» What to produce
Skip every picture, then write out exactly the lines of the listing below from the line that contains "Kirjailijan Joseph Wambaugh" through the final line.
Extracted records Start Marker
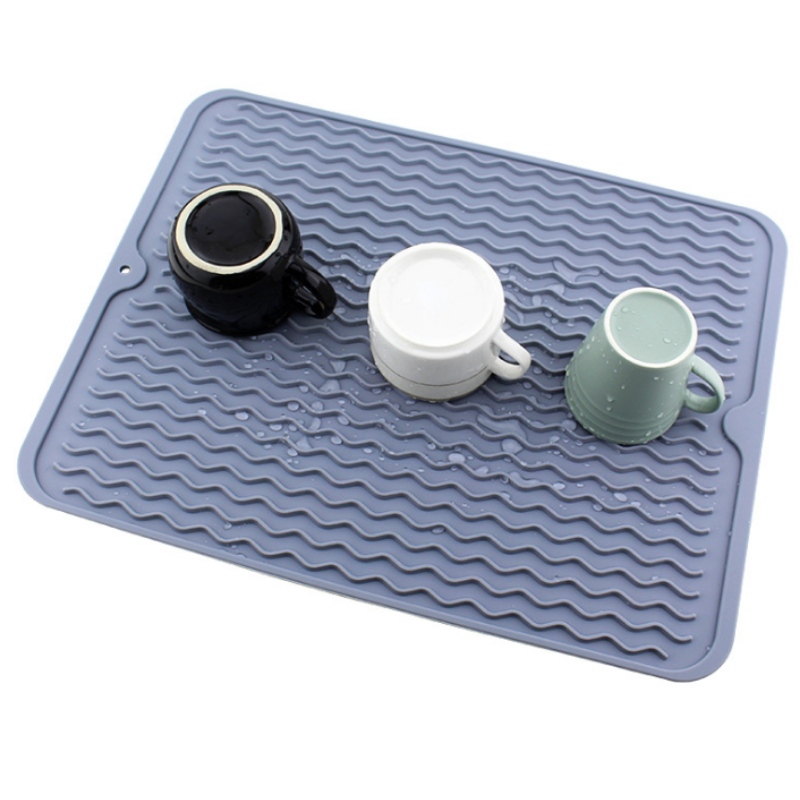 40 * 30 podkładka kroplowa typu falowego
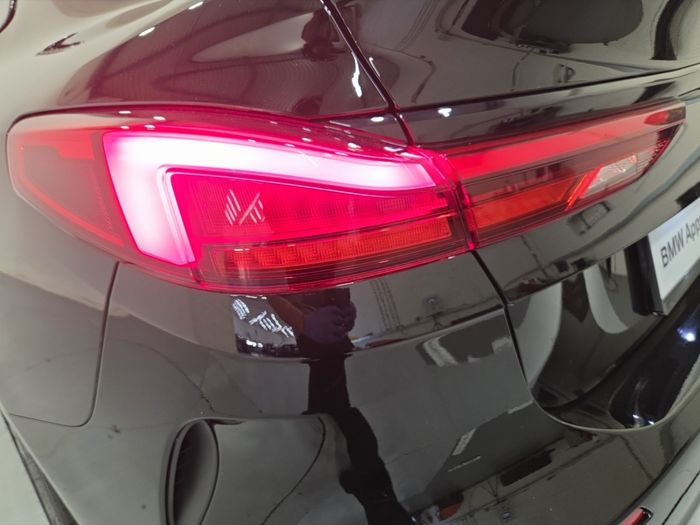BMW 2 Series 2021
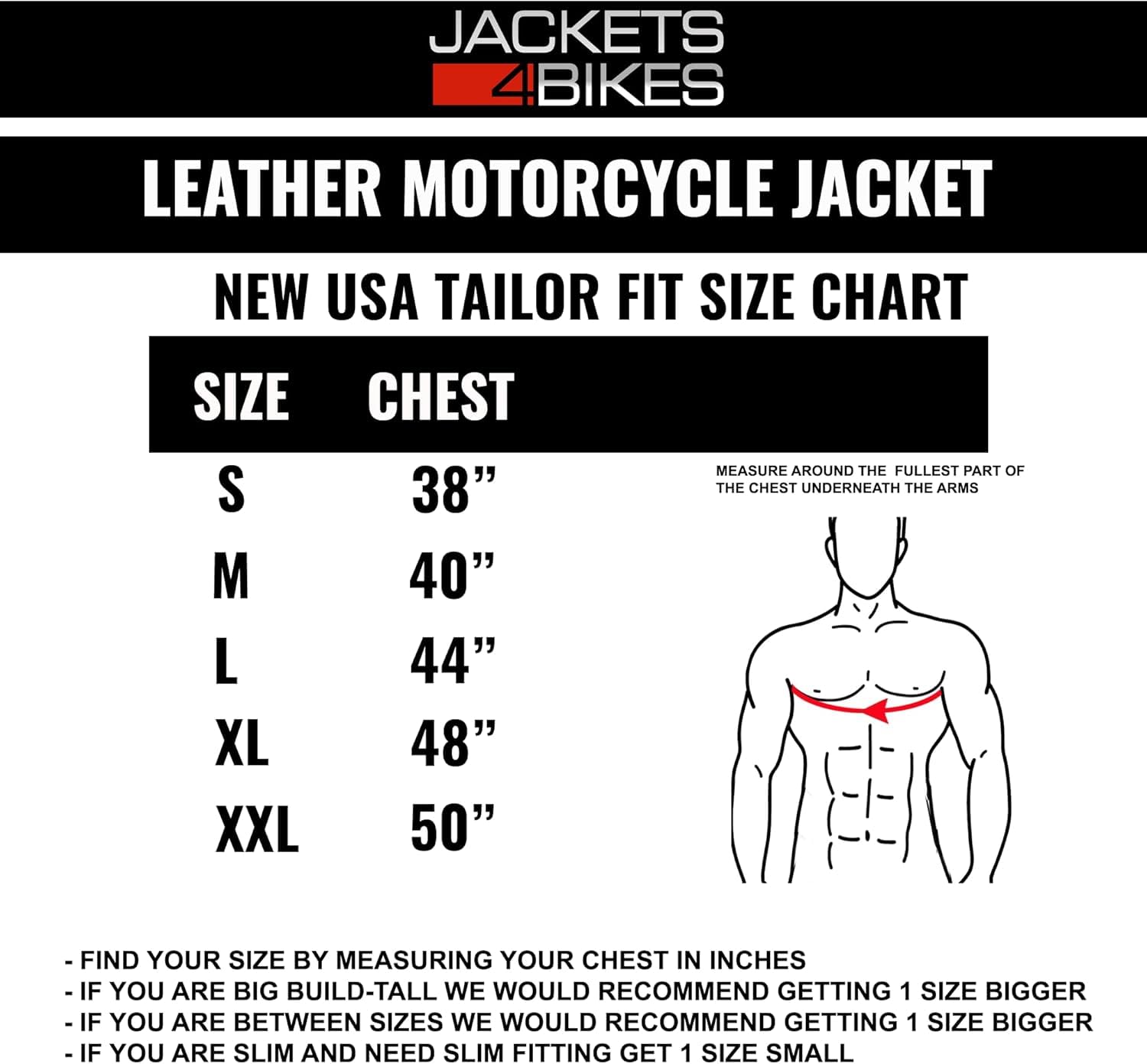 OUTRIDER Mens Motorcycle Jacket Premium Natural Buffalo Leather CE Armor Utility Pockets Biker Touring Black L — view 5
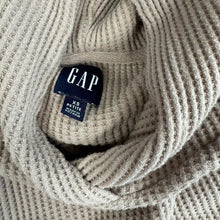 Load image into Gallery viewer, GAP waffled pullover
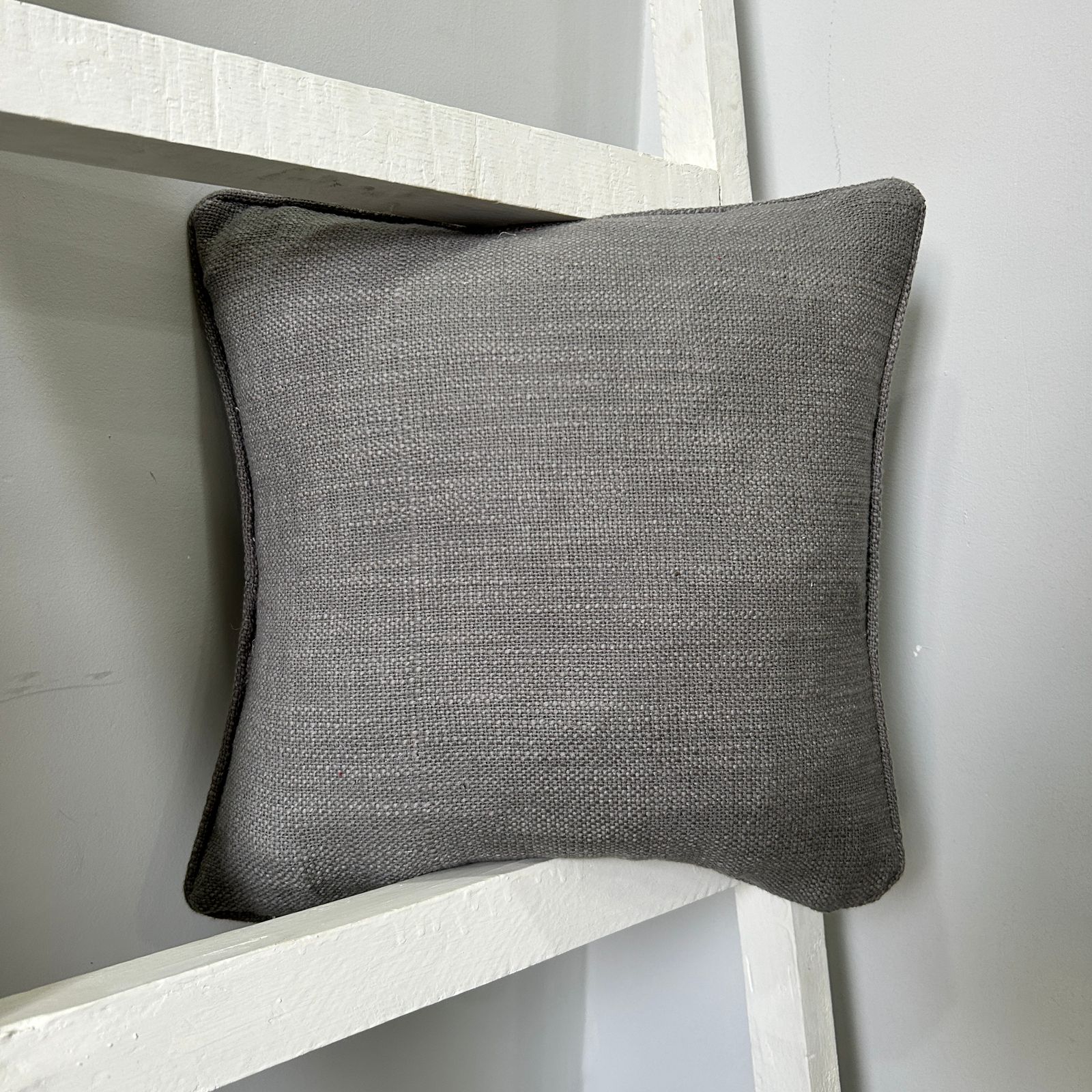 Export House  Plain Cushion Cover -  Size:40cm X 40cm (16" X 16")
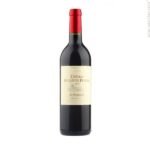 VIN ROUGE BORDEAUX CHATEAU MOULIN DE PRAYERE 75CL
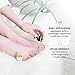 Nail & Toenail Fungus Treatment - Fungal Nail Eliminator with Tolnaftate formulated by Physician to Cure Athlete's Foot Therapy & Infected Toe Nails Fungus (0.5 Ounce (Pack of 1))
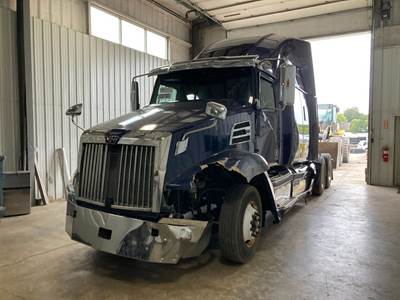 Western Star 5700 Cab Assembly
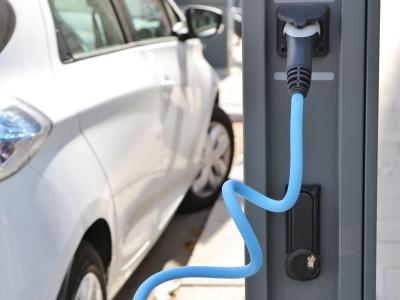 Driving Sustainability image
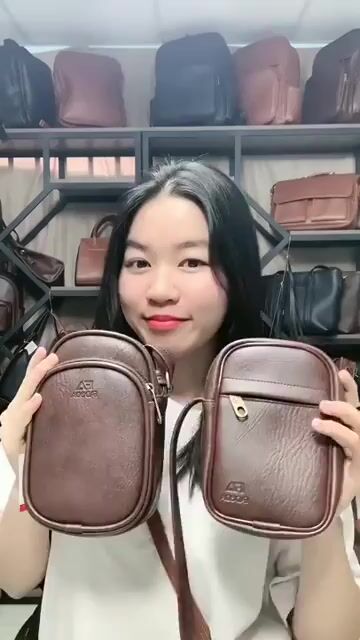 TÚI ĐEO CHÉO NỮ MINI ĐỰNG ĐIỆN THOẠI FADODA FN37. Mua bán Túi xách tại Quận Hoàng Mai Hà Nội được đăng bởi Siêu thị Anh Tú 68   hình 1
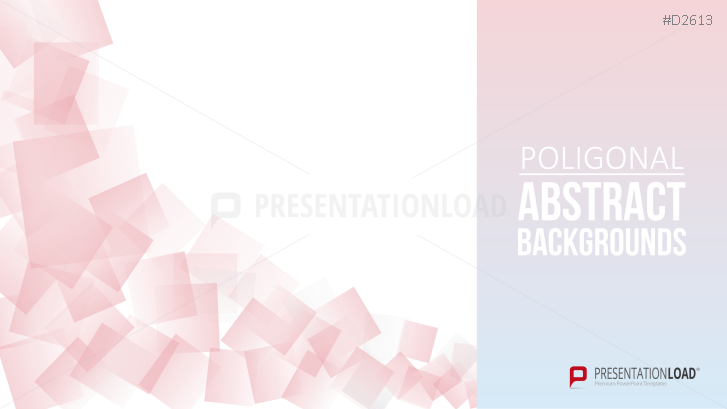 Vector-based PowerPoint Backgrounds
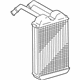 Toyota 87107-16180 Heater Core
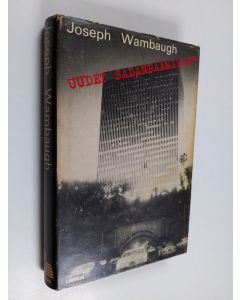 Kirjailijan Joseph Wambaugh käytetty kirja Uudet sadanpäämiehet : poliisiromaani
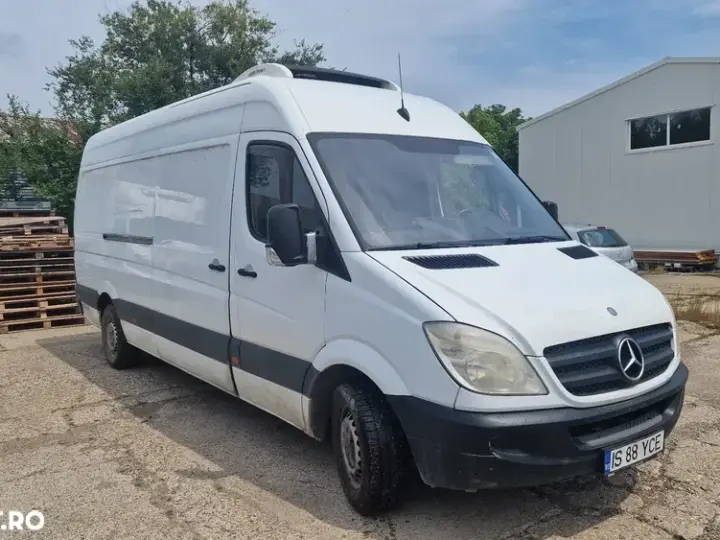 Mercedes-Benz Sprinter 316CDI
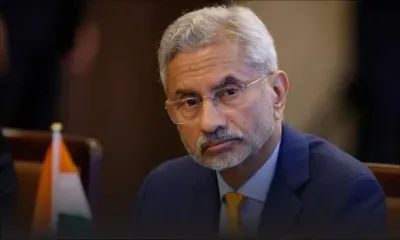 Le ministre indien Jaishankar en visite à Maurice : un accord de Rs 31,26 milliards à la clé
Extracted records End Marker
» Written answer
 Kirjailijan Joseph Wambaugh käytetty kirja Uudet sadanpäämiehet : poliisiromaani
 Mercedes-Benz Sprinter 316CDI
 Le ministre indien Jaishankar en visite à Maurice : un accord de Rs 31,26 milliards à la clé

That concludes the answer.